Use this list to check if you’re set.
Category | Question for the Small Business Owner | Yes/No |
Profit | Has your company made good, steady money for at least 2-3 years? | |
Is the profit margin big enough to cover your royalty and provide income for a franchisee? | ||
Ability to Copy | Can you write down your main business processes in a handbook (or are they already documented)? | |
Can you train a new owner to run the business up to your standards in a fair amount of time? | ||
Power of the Brand | Do customers in your current market trust and like your business a lot? | |
Have you registered your business name and logo as a trademark? | ||
Room to Grow | Can your suppliers handle the needs of multiple locations without problems? | |
Taking Charge | Are you ready to switch from doing the work to teaching and helping others? | |
Money | Do you have enough money to pay for the legal and system development costs needed to start? |
Answering these questions with the guidance of an msme business coach can provide the clarity needed to make the right decision.

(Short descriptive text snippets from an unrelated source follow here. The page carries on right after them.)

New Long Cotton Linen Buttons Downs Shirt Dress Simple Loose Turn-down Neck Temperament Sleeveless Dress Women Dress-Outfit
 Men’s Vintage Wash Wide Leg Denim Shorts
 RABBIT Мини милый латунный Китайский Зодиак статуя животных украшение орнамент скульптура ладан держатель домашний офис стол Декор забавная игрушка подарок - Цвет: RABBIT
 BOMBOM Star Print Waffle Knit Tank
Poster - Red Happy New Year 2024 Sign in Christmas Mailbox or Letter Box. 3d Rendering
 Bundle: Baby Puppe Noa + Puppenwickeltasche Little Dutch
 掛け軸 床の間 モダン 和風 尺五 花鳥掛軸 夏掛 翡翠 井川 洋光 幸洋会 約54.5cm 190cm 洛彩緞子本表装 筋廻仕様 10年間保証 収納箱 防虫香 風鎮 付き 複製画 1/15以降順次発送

Part 2 – What We Can Learn from the Indian Market?
Looking at real-life examples and available franchising business opportunities can give us valuable insights.
Success Stories –
Brands like Haldiram’s, Jawed Habib, and Lenskart show what’s possible.
- Haldiram’s did well because they were very strict about quality.
- Jawed Habib showed that you can franchise a service business by turning his special skills into a system anyone can learn.
- Lenskart proved how to mix a modern tech business with a franchise model to build trust.
A Warning Story –
Papa John’s crash in India serves as a clear red flag.
- They didn’t change their menu as per the taste that suits local flavours, and couldn’t keep up with companies like Domino’s, which knew the market inside out.
- This proves that even a flawless system collapses if it ignores the special rules of the Indian market.
Final Thoughts
We’ve talked about a lot, from the basics of how a franchise works to the big question of whether it fits you.
The franchisee gives up some freedom to get a tested system and lower risk. The franchisor hands over direct control to grow fast without spending much money.
For the MSME owner thinking about this option, the choice has a huge impact. If you plan to franchise your business, you need to change your entrepreneurial skills into a system that others can learn and follow. Your role will shift to guiding your partners, not just managing your own company.
This is where ongoing business coaching and mentoring become essential for both the franchisor and new franchisees.
If you’re thinking of buying a franchise, your success will come from executing a playbook, not from writing your own.
For the right MSME, one that has proven itself, has systems in place, and is set for a new phase, a franchising business can be the ultimate way to boost growth and turn a beloved local business into a lasting nationwide success story.